── Data for the task
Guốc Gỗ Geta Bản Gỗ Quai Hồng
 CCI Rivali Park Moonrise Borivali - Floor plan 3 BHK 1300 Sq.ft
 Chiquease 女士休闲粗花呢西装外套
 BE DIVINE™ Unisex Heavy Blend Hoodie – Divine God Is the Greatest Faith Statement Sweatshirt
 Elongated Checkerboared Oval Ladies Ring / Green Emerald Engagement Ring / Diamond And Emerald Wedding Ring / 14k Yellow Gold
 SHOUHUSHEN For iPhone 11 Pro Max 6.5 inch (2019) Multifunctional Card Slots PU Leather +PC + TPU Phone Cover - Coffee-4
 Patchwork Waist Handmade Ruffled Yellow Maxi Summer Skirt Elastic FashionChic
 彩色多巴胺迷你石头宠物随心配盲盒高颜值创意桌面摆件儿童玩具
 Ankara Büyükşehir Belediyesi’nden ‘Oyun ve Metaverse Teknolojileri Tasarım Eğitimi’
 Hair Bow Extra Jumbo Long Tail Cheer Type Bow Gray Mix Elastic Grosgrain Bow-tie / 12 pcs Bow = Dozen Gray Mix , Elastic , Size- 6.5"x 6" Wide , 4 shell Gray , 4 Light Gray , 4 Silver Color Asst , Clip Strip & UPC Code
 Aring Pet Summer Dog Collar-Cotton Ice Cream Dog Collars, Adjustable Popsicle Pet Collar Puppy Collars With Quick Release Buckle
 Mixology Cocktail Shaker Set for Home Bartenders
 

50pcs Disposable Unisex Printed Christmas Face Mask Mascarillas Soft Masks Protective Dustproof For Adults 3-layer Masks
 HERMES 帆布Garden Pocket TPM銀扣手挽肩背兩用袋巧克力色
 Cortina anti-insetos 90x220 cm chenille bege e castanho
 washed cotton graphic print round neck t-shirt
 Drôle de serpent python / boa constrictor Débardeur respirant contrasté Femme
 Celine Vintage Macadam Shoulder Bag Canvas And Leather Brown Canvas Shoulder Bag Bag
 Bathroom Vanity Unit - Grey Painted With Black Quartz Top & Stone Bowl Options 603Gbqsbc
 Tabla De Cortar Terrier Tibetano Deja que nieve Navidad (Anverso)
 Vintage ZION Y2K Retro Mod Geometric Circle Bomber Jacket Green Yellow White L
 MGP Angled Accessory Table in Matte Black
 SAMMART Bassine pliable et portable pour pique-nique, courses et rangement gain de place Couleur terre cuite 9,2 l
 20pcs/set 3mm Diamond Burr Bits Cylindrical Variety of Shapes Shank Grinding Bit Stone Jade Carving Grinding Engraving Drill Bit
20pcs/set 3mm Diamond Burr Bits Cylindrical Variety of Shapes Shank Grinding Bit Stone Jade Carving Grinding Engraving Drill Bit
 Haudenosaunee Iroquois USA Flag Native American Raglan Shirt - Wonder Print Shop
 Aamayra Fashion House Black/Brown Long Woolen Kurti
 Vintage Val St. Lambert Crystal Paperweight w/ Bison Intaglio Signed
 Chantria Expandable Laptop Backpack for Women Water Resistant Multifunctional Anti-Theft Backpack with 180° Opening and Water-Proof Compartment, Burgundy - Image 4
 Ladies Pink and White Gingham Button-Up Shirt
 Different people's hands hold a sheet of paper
────
▶ _Instructions for the task_: Look above for the line holding "Hair Bow Extra" and the line holding "Tabla De Cortar". Retype both, and every line between them, word for word and nothing else.

▶ _Finished exercise_:
 Hair Bow Extra Jumbo Long Tail Cheer Type Bow Gray Mix Elastic Grosgrain Bow-tie / 12 pcs Bow = Dozen Gray Mix , Elastic , Size- 6.5"x 6" Wide , 4 shell Gray , 4 Light Gray , 4 Silver Color Asst , Clip Strip & UPC Code
 Aring Pet Summer Dog Collar-Cotton Ice Cream Dog Collars, Adjustable Popsicle Pet Collar Puppy Collars With Quick Release Buckle
 Mixology Cocktail Shaker Set for Home Bartenders
 

50pcs Disposable Unisex Printed Christmas Face Mask Mascarillas Soft Masks Protective Dustproof For Adults 3-layer Masks
 HERMES 帆布Garden Pocket TPM銀扣手挽肩背兩用袋巧克力色
 Cortina anti-insetos 90x220 cm chenille bege e castanho
 washed cotton graphic print round neck t-shirt
 Drôle de serpent python / boa constrictor Débardeur respirant contrasté Femme
 Celine Vintage Macadam Shoulder Bag Canvas And Leather Brown Canvas Shoulder Bag Bag
 Bathroom Vanity Unit - Grey Painted With Black Quartz Top & Stone Bowl Options 603Gbqsbc
 Tabla De Cortar Terrier Tibetano Deja que nieve Navidad (Anverso)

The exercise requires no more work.